* _Exercise requirements_: Drop every picture and give the entries back exactly.

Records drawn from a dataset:
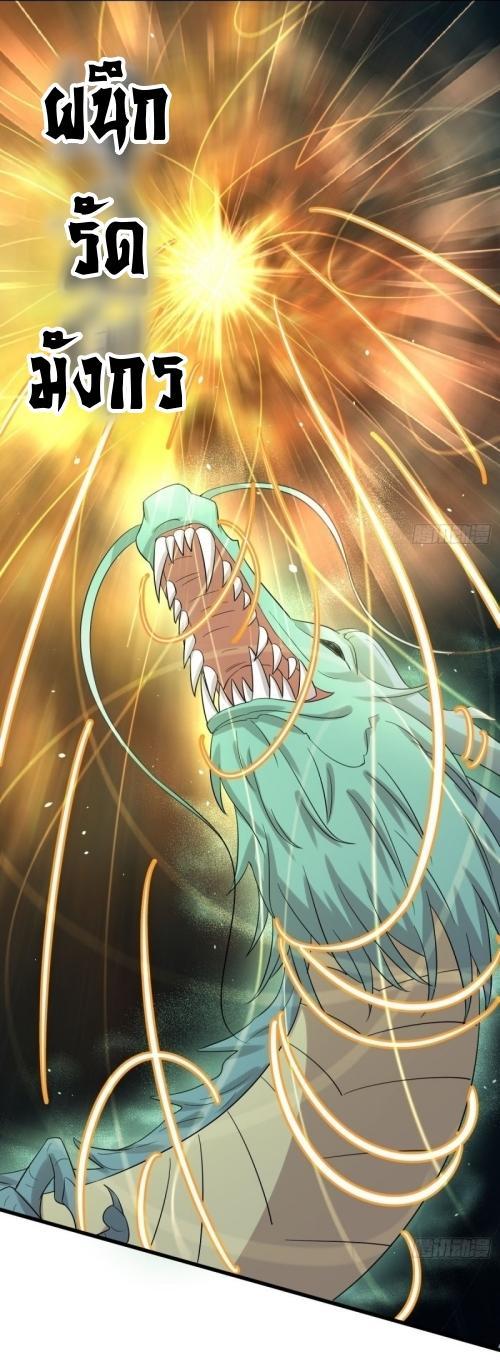 Manga-lc-com อ่านมังงะ อ่านการ์ตูน ออนไลน์ ฟรี Immortal Swordsman in the Reverse World ตอนที่ 1 2 3 4 5 6 7 8 9 10 11 12 13 14 ฟรี ไม่มีโฆษณา Manga-lc - อ่าน มังงะ อ่าน การ์ตูน ออนไลน์ อ่านมังงะ ฟรี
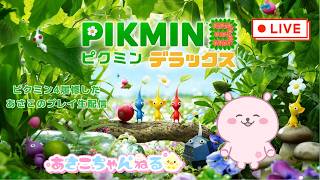 switch【ピクミン3デラックス】1年ぶりにピクミンする生配信 8回目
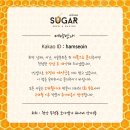 슈가&브로우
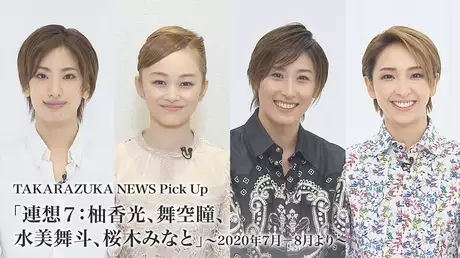 TAKARAZUKA NEWS Pick Up「連想７：柚香光、舞空瞳、水美舞斗、桜木みなと」～2020年7月－8月より～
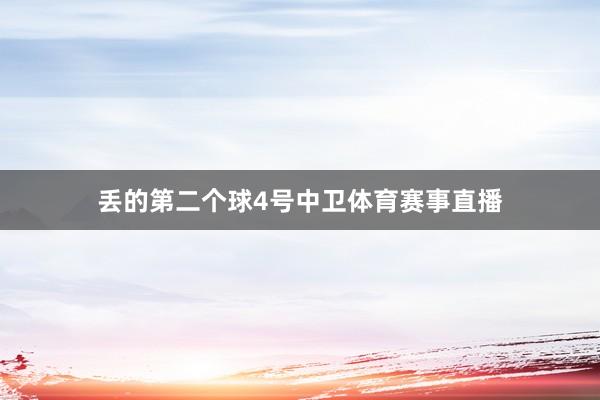 丢的第二个球4号中卫体育赛事直播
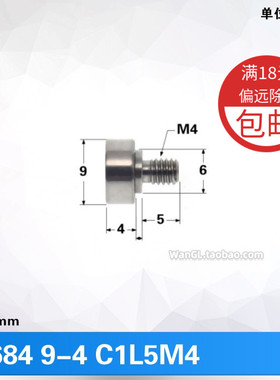684ZZ轴承NTBG外螺纹型轴承动滑轮M4螺杆导轮684外螺纹轴承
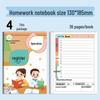 Set of 4 Homework Notebooks: Ideal for Primary School Students to Record Classroom Notes and Homework.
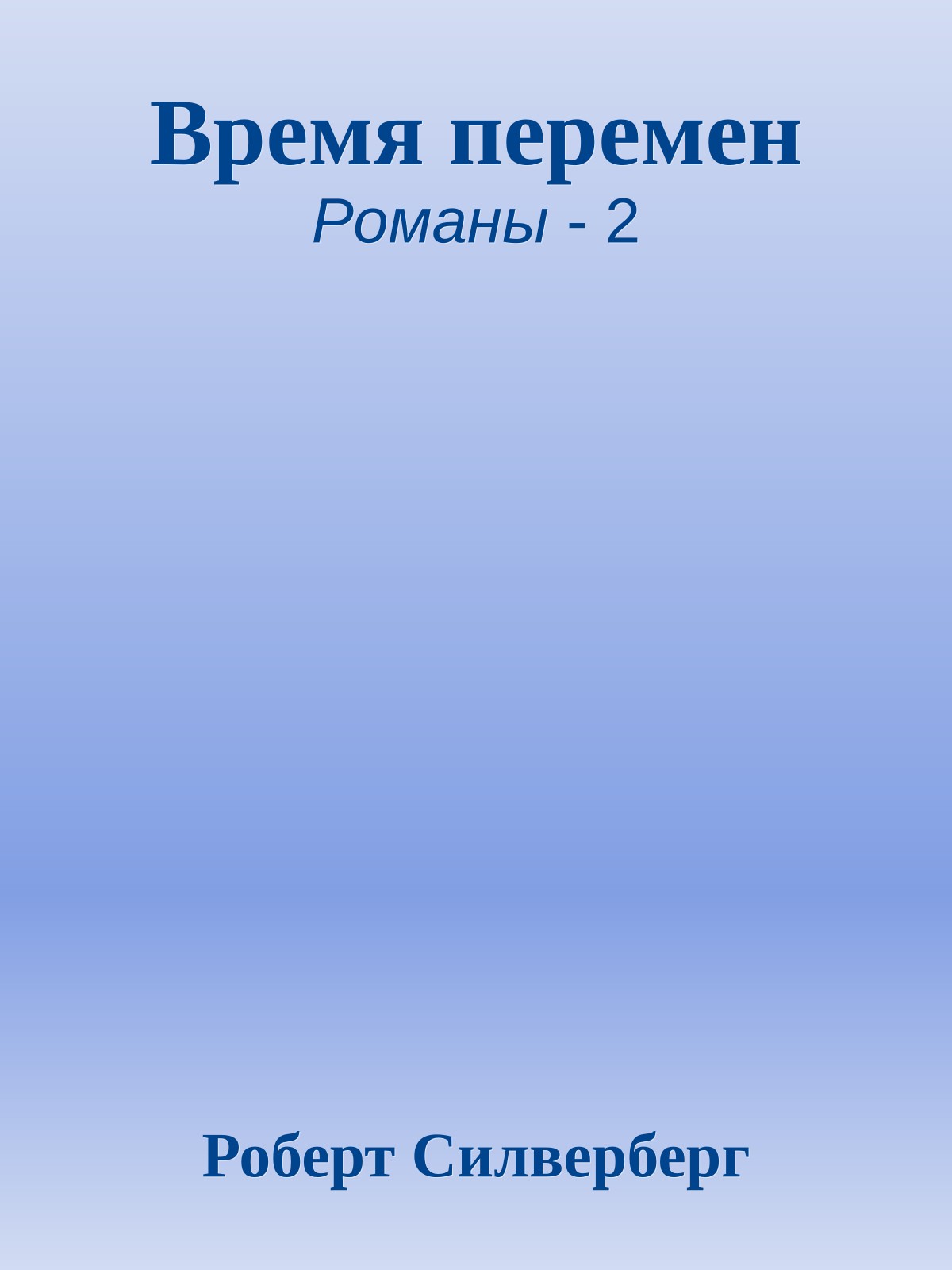 Время перемен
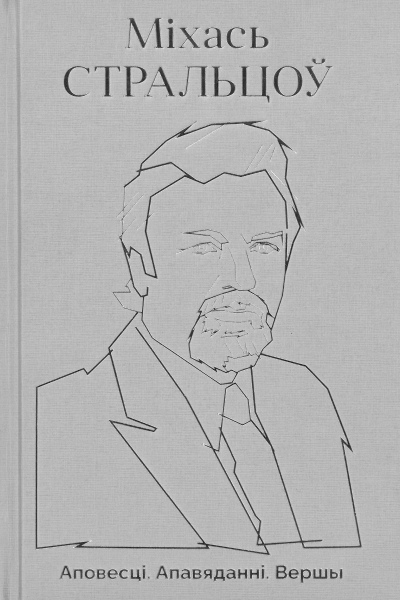 Міхась Стральцоў. Аповесці. Апавяданні. Вершы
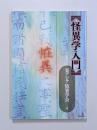 怪異学入門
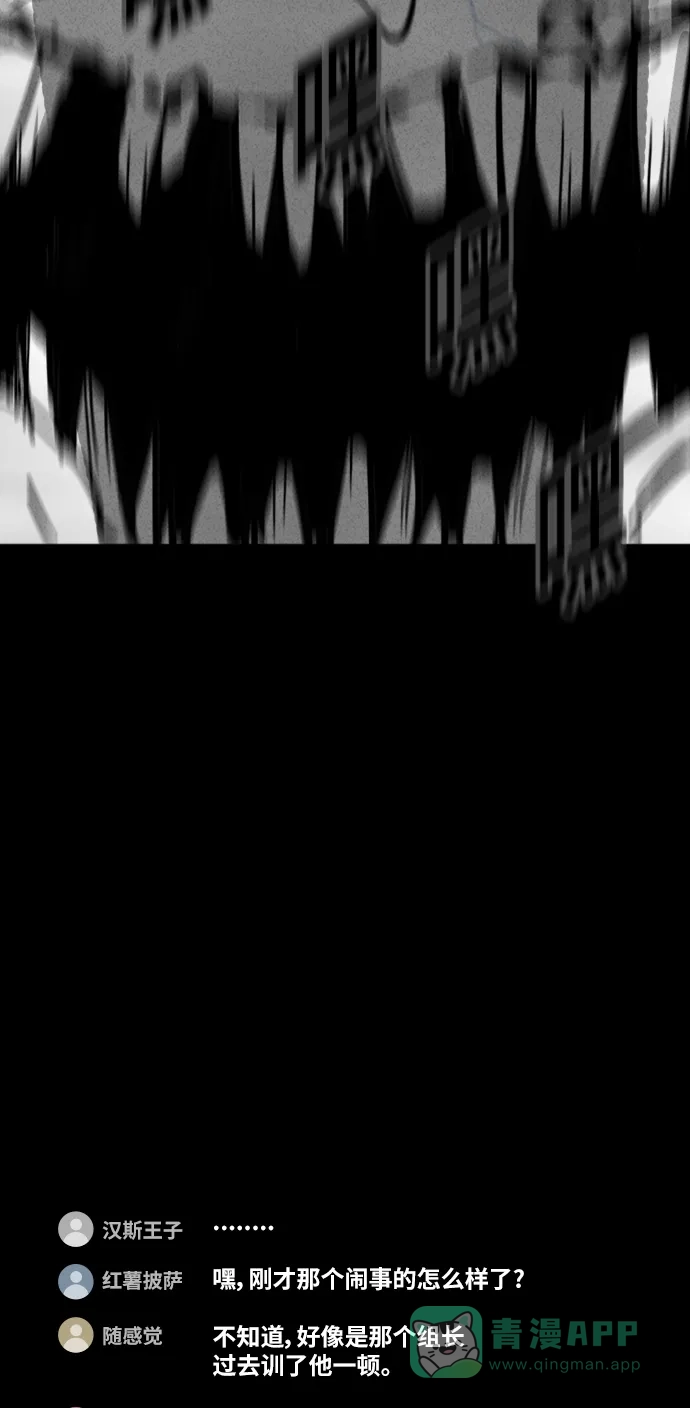 奇奇怪怪 [第318话] 活娃娃#4 第26页
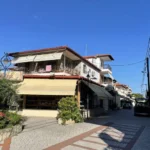 Vila Vasso Hanioti - Start Travel 1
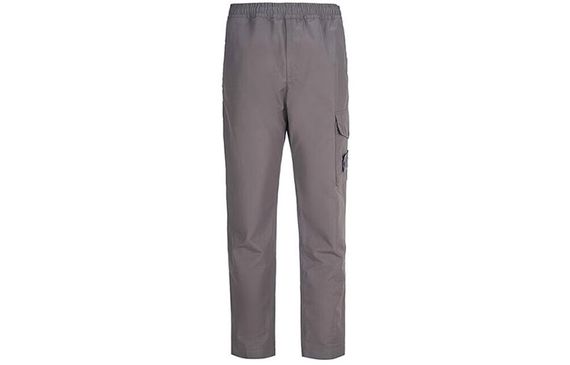 STONE ISLAND Ghost Pieces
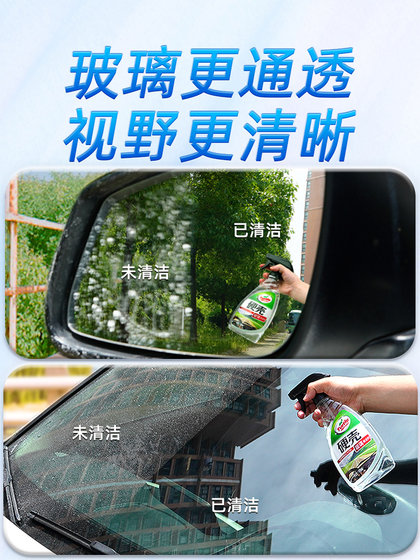龟牌去油膜清洁剂汽车玻璃去除前挡风清洗除油馍内车窗内侧雨刮器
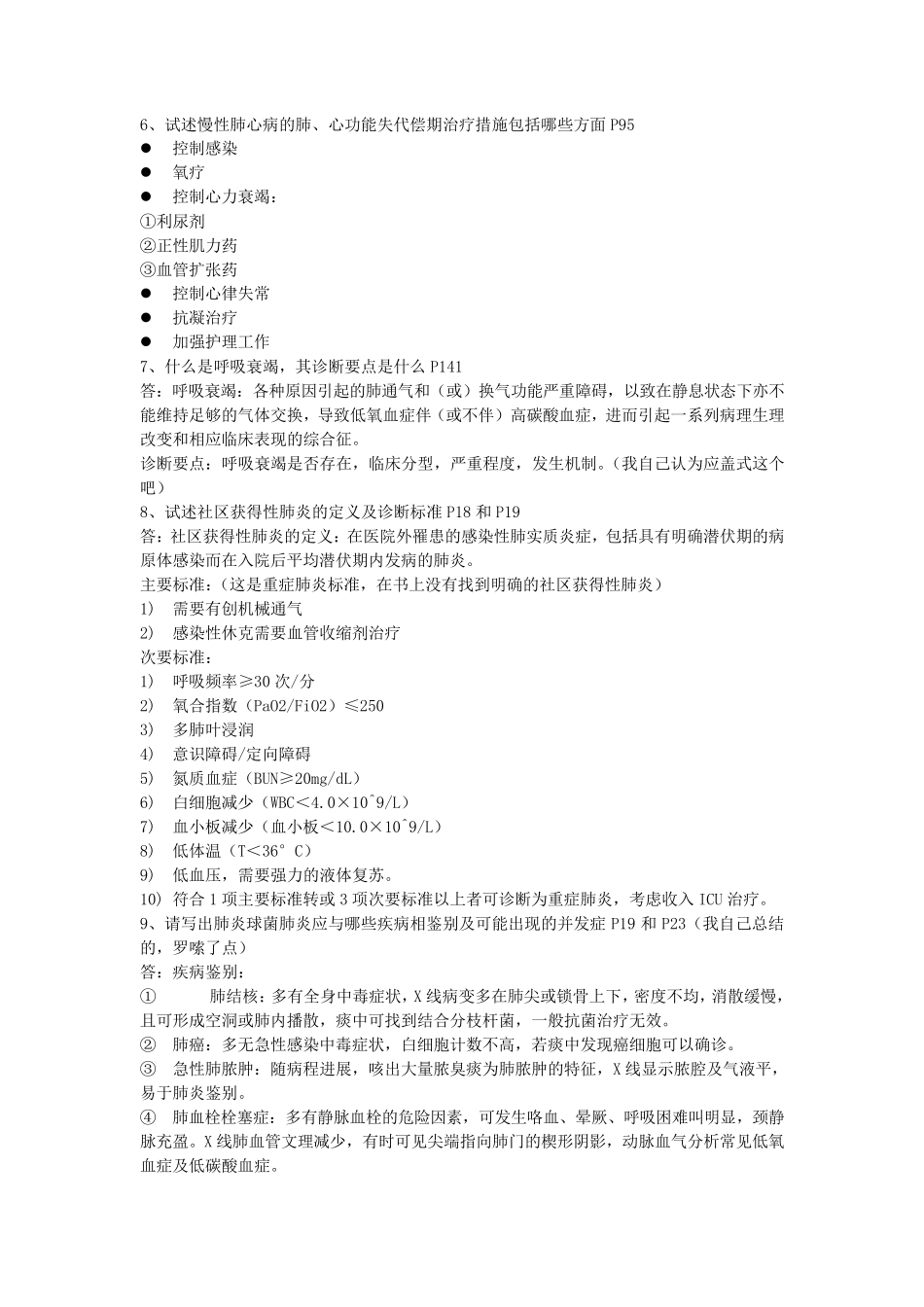 《内科学》问答题及答案_第2页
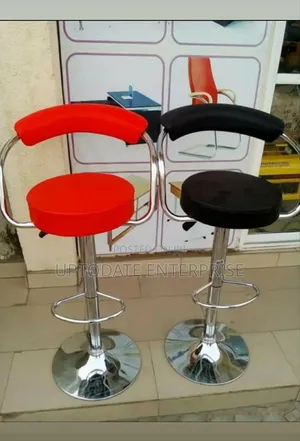 Adjustable Bar Stool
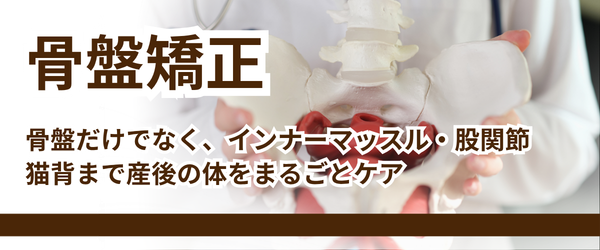 骨盤矯正メニューリンク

* _Solution to the problem_:
 Manga-lc-com อ่านมังงะ อ่านการ์ตูน ออนไลน์ ฟรี Immortal Swordsman in the Reverse World ตอนที่ 1 2 3 4 5 6 7 8 9 10 11 12 13 14 ฟรี ไม่มีโฆษณา Manga-lc - อ่าน มังงะ อ่าน การ์ตูน ออนไลน์ อ่านมังงะ ฟรี
 switch【ピクミン3デラックス】1年ぶりにピクミンする生配信 8回目
 슈가&브로우
 TAKARAZUKA NEWS Pick Up「連想７：柚香光、舞空瞳、水美舞斗、桜木みなと」～2020年7月－8月より～
 丢的第二个球4号中卫体育赛事直播
684ZZ轴承NTBG外螺纹型轴承动滑轮M4螺杆导轮684外螺纹轴承
 Set of 4 Homework Notebooks: Ideal for Primary School Students to Record Classroom Notes and Homework.
 Время перемен
 Міхась Стральцоў. Аповесці. Апавяданні. Вершы
 怪異学入門
 奇奇怪怪 [第318话] 活娃娃#4 第26页
 Vila Vasso Hanioti - Start Travel 1
 STONE ISLAND Ghost Pieces
龟牌去油膜清洁剂汽车玻璃去除前挡风清洗除油馍内车窗内侧雨刮器
 《内科学》问答题及答案_第2页
 Adjustable Bar Stool
 骨盤矯正メニューリンク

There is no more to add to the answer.